Mekke'de Kur'an Eğitimi ve Tebliğde Üslup Semineri
Akhisar Özgür-Der Temsilciliğinin düzenlemiş olduğu seminer programlarının bu haftaki konusu Özgür-Der Diyarbakır şube başkanı olan Serdar Bülent Yılmaz tarafından sunuldu.
Mekke'de Kur'an Eğitimi ve Tebliğde Üslup başlıklı konuda Yılmaz doğru isimlendirmenin Kur'an'ın sahabeyi eğitmesi olarak anlaşılması gerektiğini vurguladı. Mekke cahili toplumuna inen vahyin ilk nesilde gerçekleştirdiği dönüşümü anlamanın bugün ne yapacağımızı doğru fıkhetmek açısından önemli olduğunu belirtti. Kur'an'ın hükümlerinin tarihte kaldığını söyleyenlerin haksızlık yaptığını ifade eden konuşmacı sorunun Kur'an'da değil kendimizde olduğunu görmemiz gerekir dedi. Yılmaz yaptığı girişten sonra sunumunda özetle şunları anlattı:
Kur'an'ı hakkıyla anlayıp yaşama geçirmek için Rasulün örnekliği çok önemlidir. Toplumumuzun en genel problemi hakkıyla Kur'an okumamaktır. Bugün eğitim sisteminde bilgiyi kategorize edip parçaladıktan sonra teorik bir eğitim verilmektedir. Oysa Kur'an basit bir yöntemle pratiğe yönelik olarak konuları da kategorize etmeden öğretir. Hayata ve sorunlarına bütüncül bir perspektifle yaklaşır. Mesajın ana omurgasını tevhid oluşturur, sosyal şahitlikle ilgili konular bu omurganın üzerinde yer alır. Kur'an'ı nüzul sırasına göre okuduğumuzda hayata ne kadar müdahil olduğunu görebiliriz. Kafirlere yönelik uyarı tabloları, kafirlerin sınıfçı tutumuna eleştiriler, müminlere yapılan uyarılar ve Tevhidi mücadelelerin anlatıldığı Kur'an kıssaları ile ilgili ayetleri bu konuda örnek verebiliriz. Hz. peygamber Mekke'de ilk dönemde gelen vahiyleri müslümanlarla Erkam'ın evinde paylaştı. Cemaatle kılınan namazlarda okuduğu ayetlerle vahyi müslümanlara öğretti. Vahyin yayılması için müminlerde öğrendiklerini yakınlarıyla paylaşıyorlar, tebliğ çabaları hakkında sürekli Rasulle istişare ediyorlardı. Hz Peygamberin tebliğ çalışmaları gelişigüzel değil son derece programlıydı. Hz. Ebubekir toplumu ve kabilelerin özellikleri iyi biliyordu.
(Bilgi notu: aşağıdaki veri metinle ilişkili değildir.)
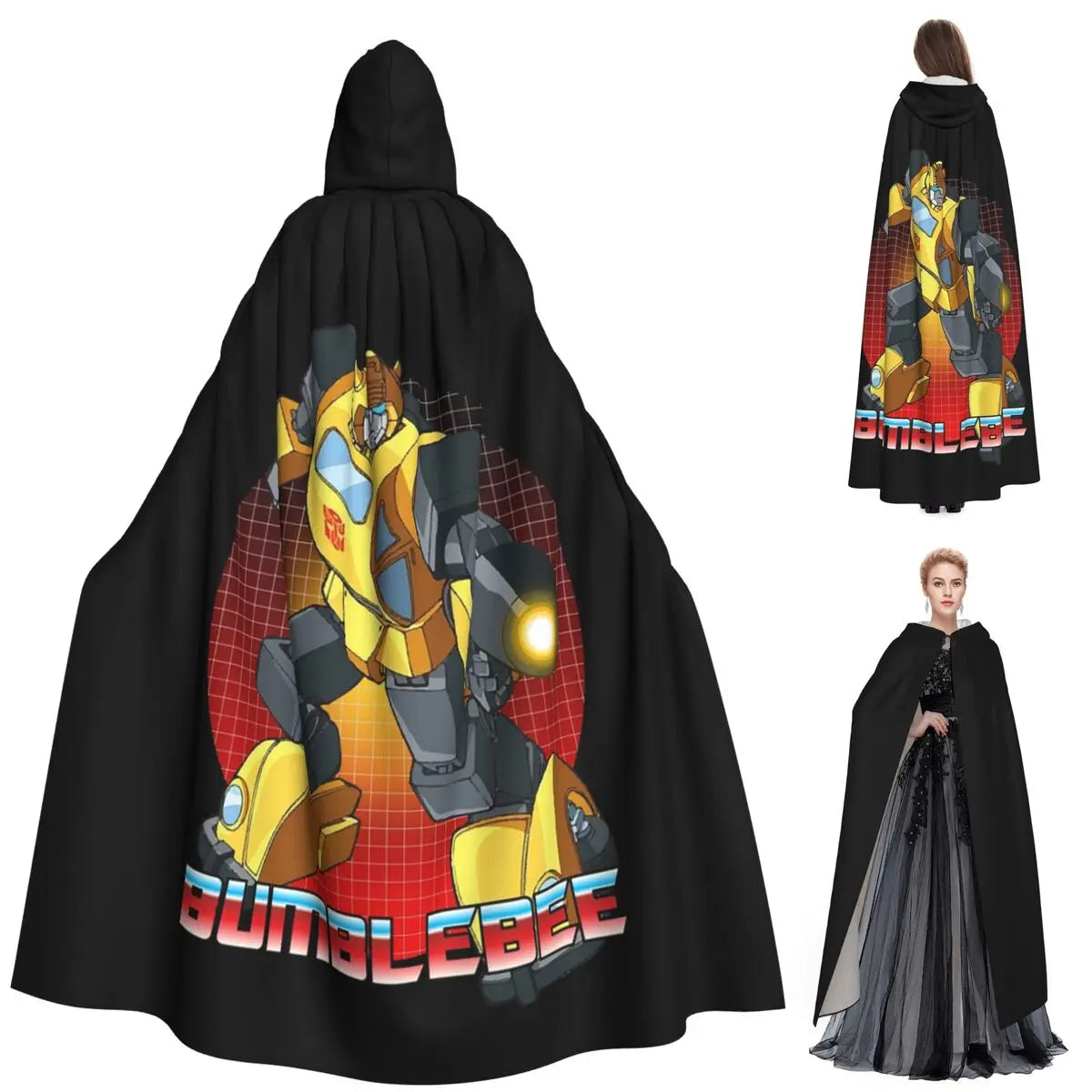 Transformers-Cape Bumblebee — Langes Cosplay-Halloween-Cape mit Kapuze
Rasul buna göre bilgi alıp insanları ziyaret eder muhatabın özelliklerine dikkat ederdi. Tebliğde öncelik ailede sonra akrabalarda, sonra vahye ilgi gösterenler de ve en son olarak toplumda ileri gelenleredir. Hz. peygamber toplumu oluşturan insanlara değil onları cahil ve fakir bırakan zalimlere açık tavır, cephe alır. İnsanlara karşı son derece iyi davranarak Allah'ın ayetlerini hatırlatır. Tebliğin muhatabıyla, kavganın muhatabı karıştırılmamalıdır. Tebliğ/davet sırasında merhamet gözeten bir dil ve tavır kullanmalıyız. Ortak doğruları önceleyerek muhataba yaklaşmalı, yanlış gördüklerimizi incitici bir biçimde değil merhametle hatırlatmalıyız.
Seminer sorulara konuşmacının cevap verdiği ikinci bölümden sonra sona erdi.